§ **Task objective**:
Exclude images, then output the remaining data verbatim.

§ **Supplied information**:
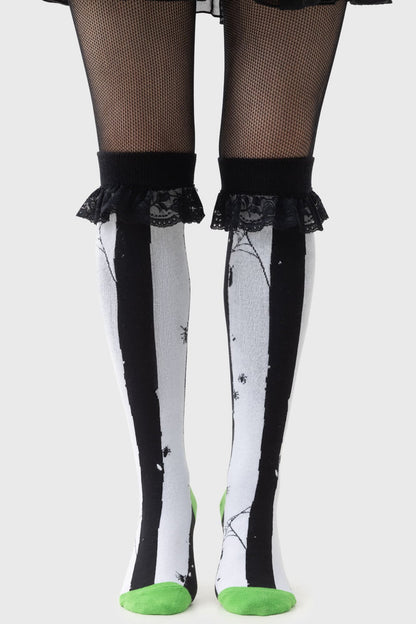 Beetlejuice: Distressed Stripe Knee High Socks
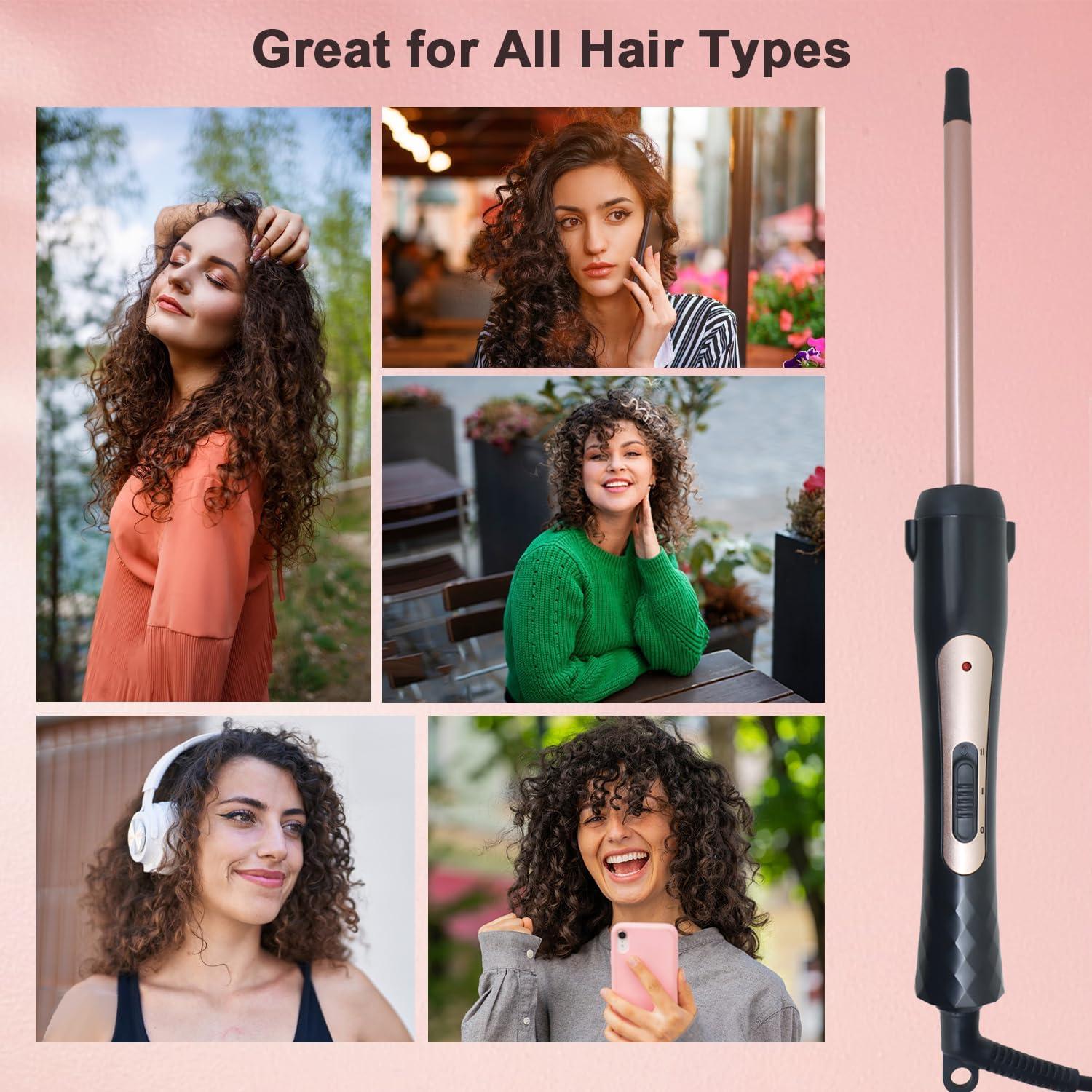 hopopower 3/8 Inch Small Curling Iron Wand, 9mm Thin Curling Wand for Short & Long Hair, Ceramic Hair Curler Wand with 2 Temperature, Small Barrel Curling Iron, Include Heat Protective Glove-Rose Pink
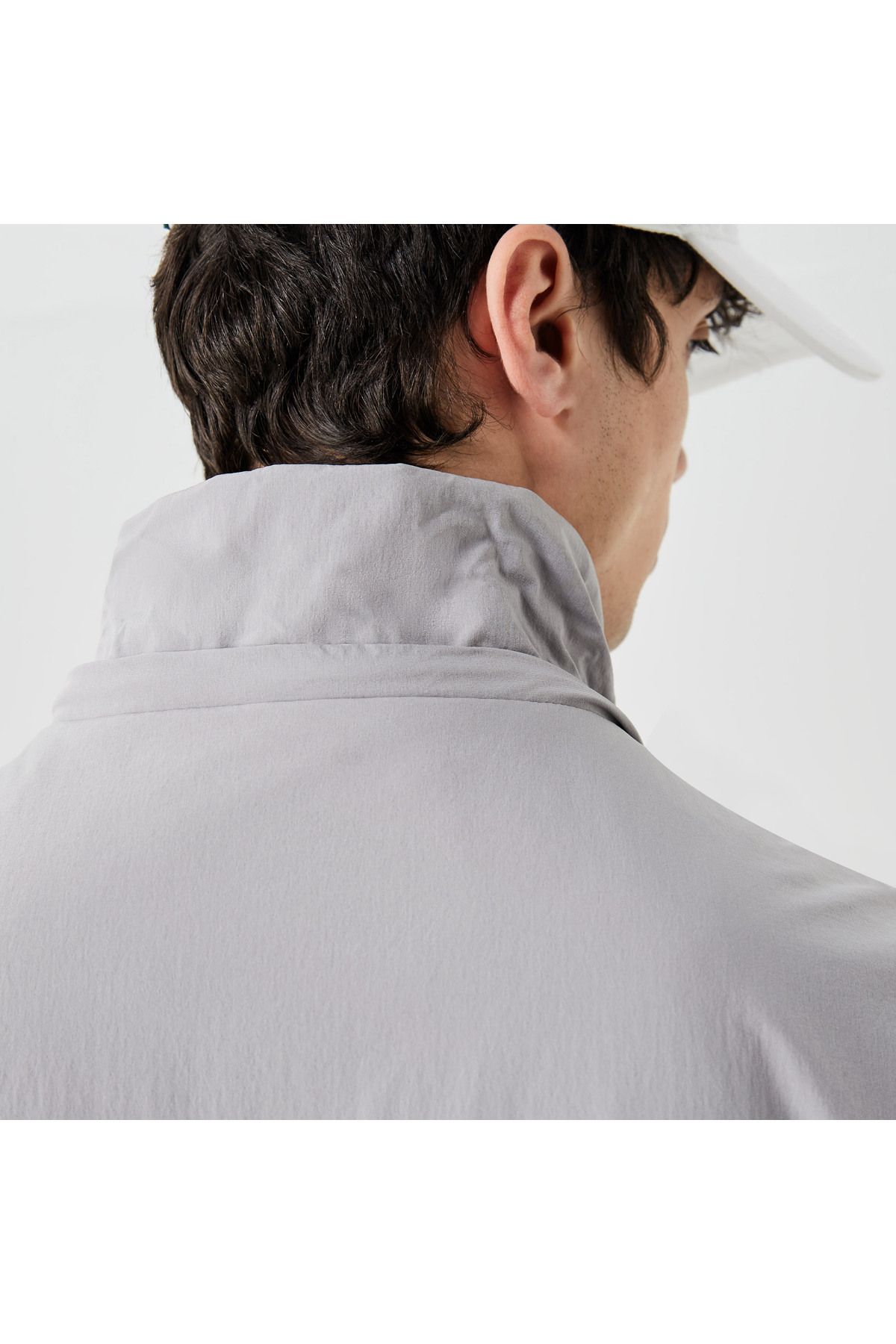 کاپشن خاکستری مردانه مانتو بلوکی رنگ کلاهدار Lacoste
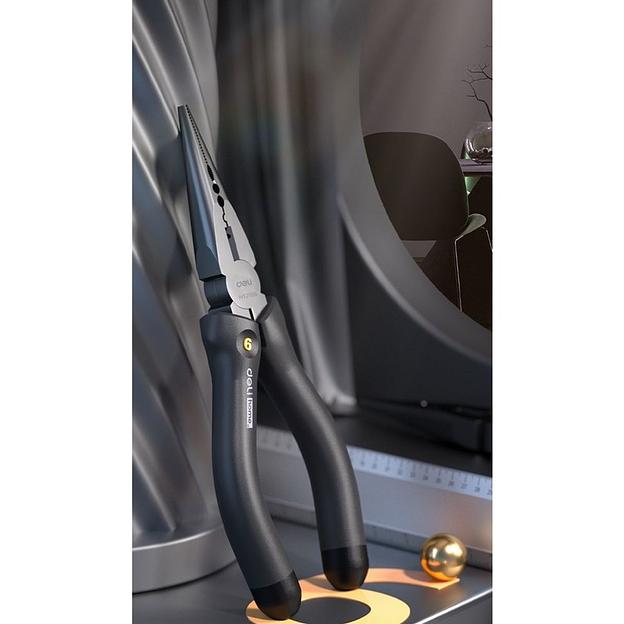 Удлиненные плоскогубцы "Home Series Black" Deli HT2106 160мм, эксклюзивный дизайн, рукоятка из высококачественного софттач пластика фото 3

§ **Reply to the task**:
 Beetlejuice: Distressed Stripe Knee High Socks
 hopopower 3/8 Inch Small Curling Iron Wand, 9mm Thin Curling Wand for Short & Long Hair, Ceramic Hair Curler Wand with 2 Temperature, Small Barrel Curling Iron, Include Heat Protective Glove-Rose Pink
 کاپشن خاکستری مردانه مانتو بلوکی رنگ کلاهدار Lacoste
 Удлиненные плоскогубцы "Home Series Black" Deli HT2106 160мм, эксклюзивный дизайн, рукоятка из высококачественного софттач пластика фото 3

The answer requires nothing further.